Hive Interview Questions for Freshers/Hive Interview Questions and Answers for Freshers & Experienced

If you run a select * query in Hive, why doesn't it run MapReduce?

The hive.fetch.task.conversion property of Hive lowers the latency of MapReduce overhead, and in effect when executing queries such as SELECT, FILTER, LIMIT, etc. it skips the MapReduce function.

What is the usefulness of the DISTRIBUTED BY clause in Hive?

It controls ho wthe map output is reduced among the reducers. It is useful in case of streaming data

As part of Optimizing the queries in HIve, what should be the order of table size in a join query?

In a join query the smallest table to be taken in the first position and largest table should be taken in the last position.

Is it possible to use the same metastore by multiple users, in case of the embedded hive?

No, we cannot use metastore in sharing mode. It is possible to use it in standalone “real” database. Such as MySQL or PostGresSQL.

What is the precedence order of Hive configuration?

We are using a precedence hierarchy for setting properties:

1. The SET command in Hive
2. The command-line –hiveconf option
3. Hive-site.XML
4. Hive-default.xml
5. Hadoop-site.xml
6. Hadoop-default.xml

Wherever (Different Directory) I run the hive query, it creates new metastore_db, please explain the reason for it?

Basically, it creates the local metastore, while we run the hive in embedded mode. Also, it looks whether metastore already exist or not before creating the metastore. Hence, in configuration file hive-site.xml. Property is “javax.jdo.option.ConnectionURL” with default value “jdbc:derby:;databaseName=metastore_db;create=true” this property is defined.
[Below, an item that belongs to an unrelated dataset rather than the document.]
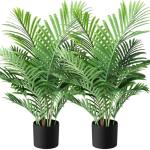 Kunstpflanzen Groß Areca Kunstpalme 90 cm im Topf Künstliche Pflanze Tropical Hawaii Grün Fake Plant für Schlafzimmer Büro Garten Hochzeit Party Deco (2 Stück)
Hence, to change the behavior change the location to the absolute path, thus metastore will be used from that location.

How does data transfer happen from HDFS to Hive?
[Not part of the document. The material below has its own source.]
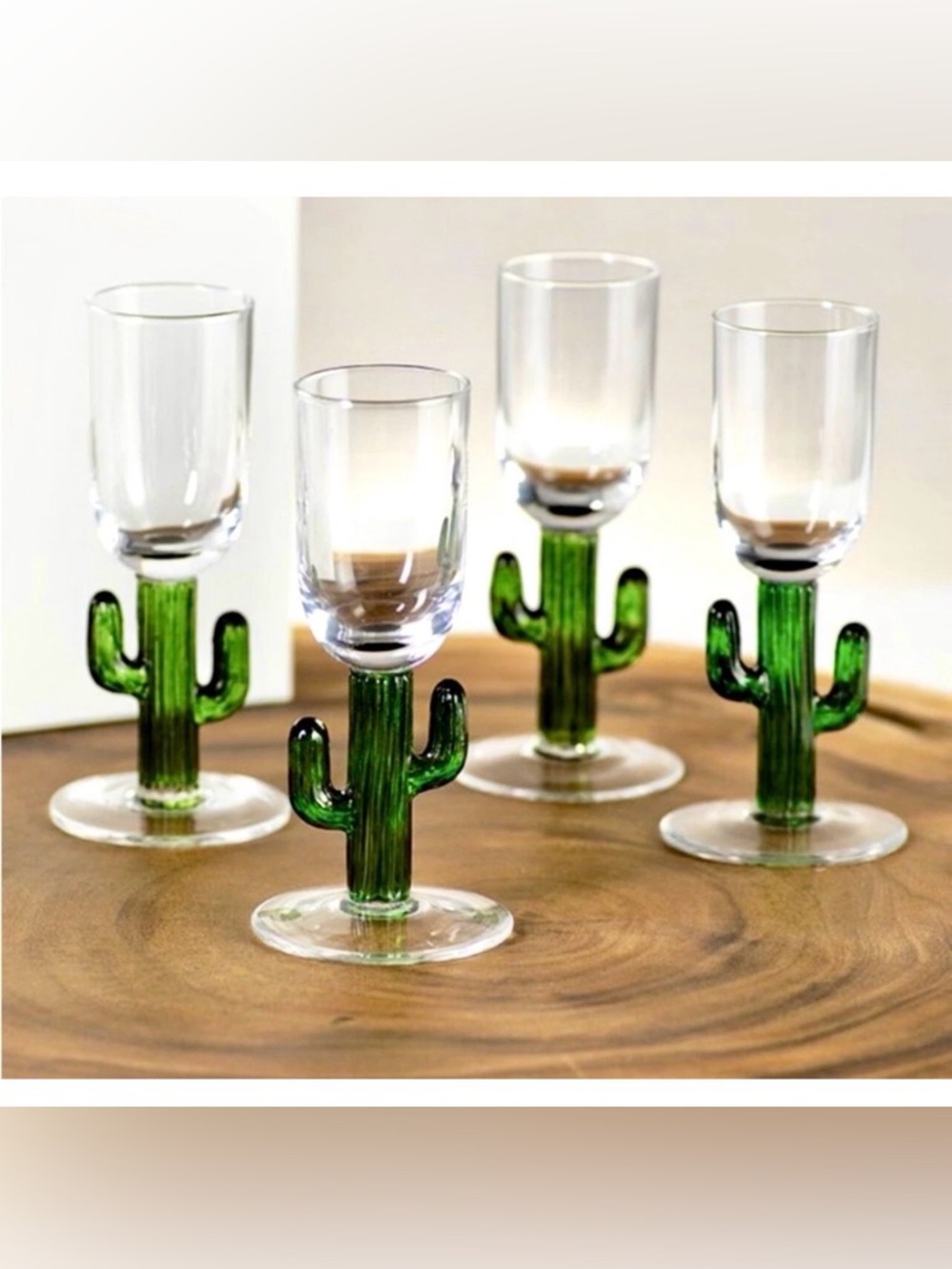 New Green Cactus Stem Shot Glasses - Set of 4 - Picture 4 of 6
Basically, the user need not LOAD DATA that moves the files to the /user/hive/warehouse/. But only if data is already present in HDFS. Hence, using the keyword external that creates the table definition in the hive metastore the user just has to define the table.
Create external table table_name (
id int,
myfields string
)
location ‘/my/location/in/hdfs’;

Is it possible to change the default location of Managed Tables in Hive, if so how?

Yes, by using the LOCATION keyword while creating the managed table, we can change the default location of Managed tables. But the one condition is, the user has to specify the storage path of the managed table as the value of the LOCATION keyword.

How can you add a new partition for the month December in the above partitioned table?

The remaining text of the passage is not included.